> **Problem details**
This task calls for the lines below starting at the one containing "Premium Stretch-Sofabezug –" and ending at the one containing "Food close-up in Izan Puerta de Gredos", repeated exactly with both ends kept and pictures left out.

> **Material for this task**

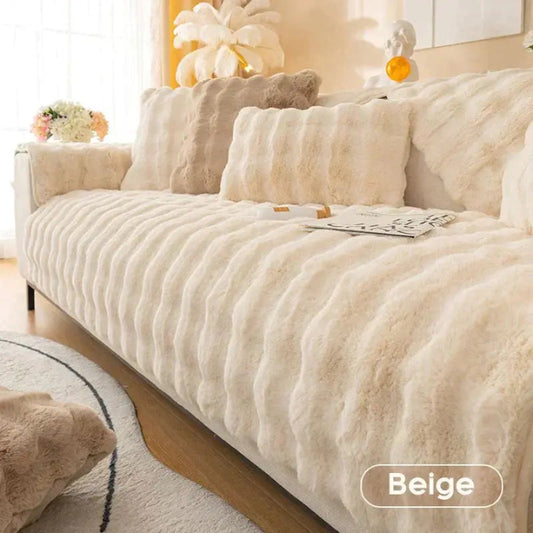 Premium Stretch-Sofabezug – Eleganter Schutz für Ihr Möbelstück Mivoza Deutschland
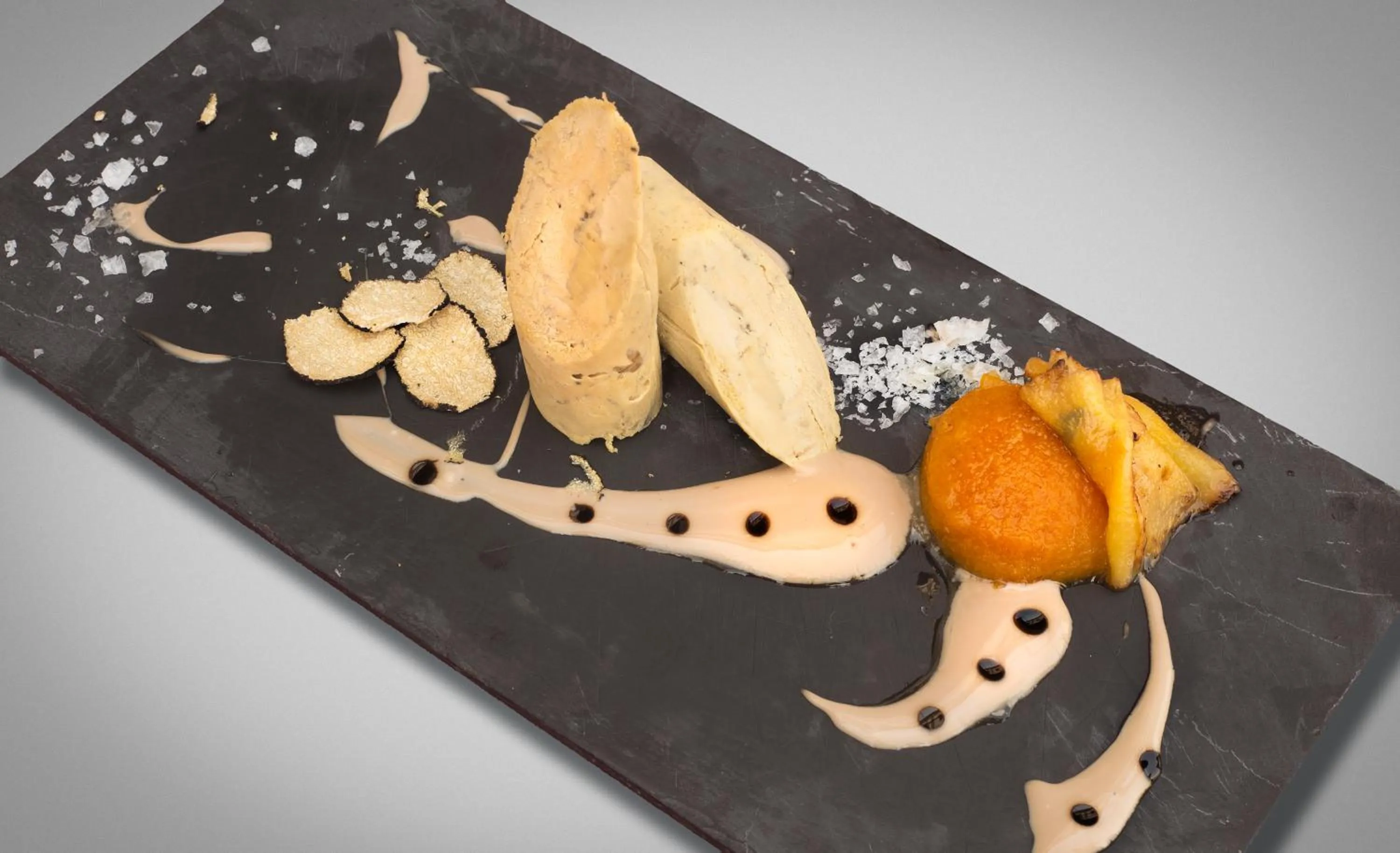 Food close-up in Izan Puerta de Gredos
==
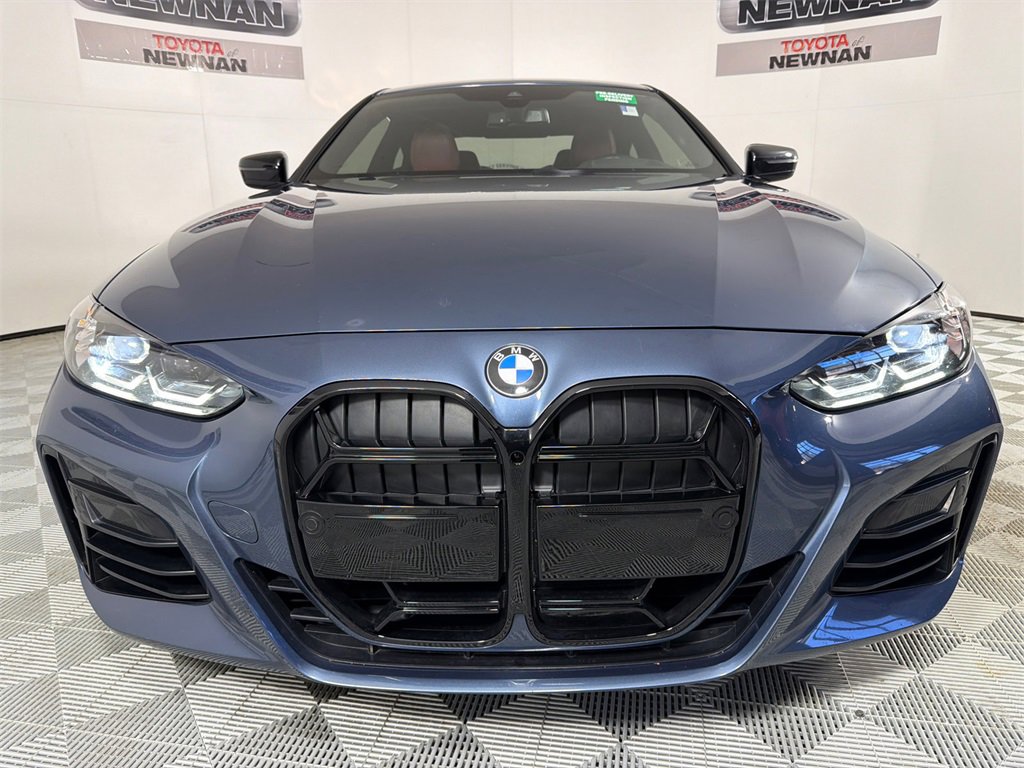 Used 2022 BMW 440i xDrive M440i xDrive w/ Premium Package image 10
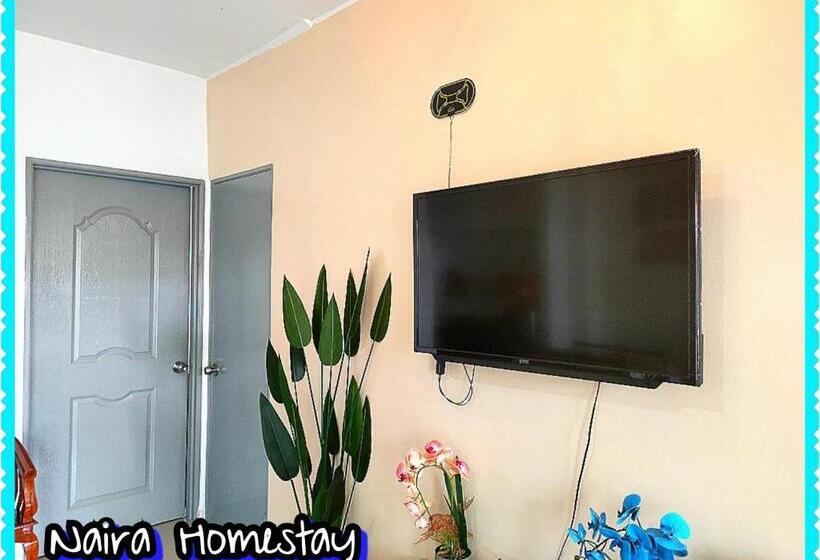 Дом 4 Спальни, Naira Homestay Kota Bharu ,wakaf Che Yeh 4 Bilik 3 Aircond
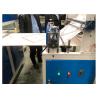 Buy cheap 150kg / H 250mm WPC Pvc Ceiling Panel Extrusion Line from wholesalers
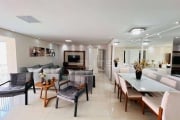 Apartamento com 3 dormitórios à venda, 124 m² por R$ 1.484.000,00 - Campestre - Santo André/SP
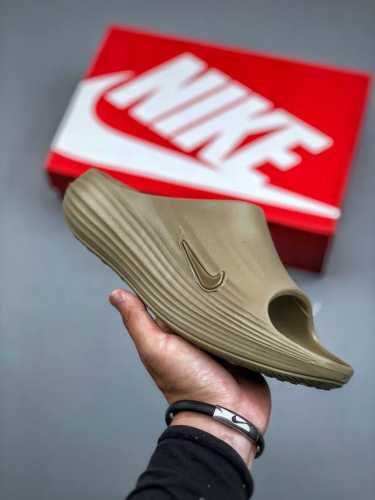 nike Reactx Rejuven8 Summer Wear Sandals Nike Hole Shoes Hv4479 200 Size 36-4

> **Answer to the exercise**
 Premium Stretch-Sofabezug – Eleganter Schutz für Ihr Möbelstück Mivoza Deutschland
 Food close-up in Izan Puerta de Gredos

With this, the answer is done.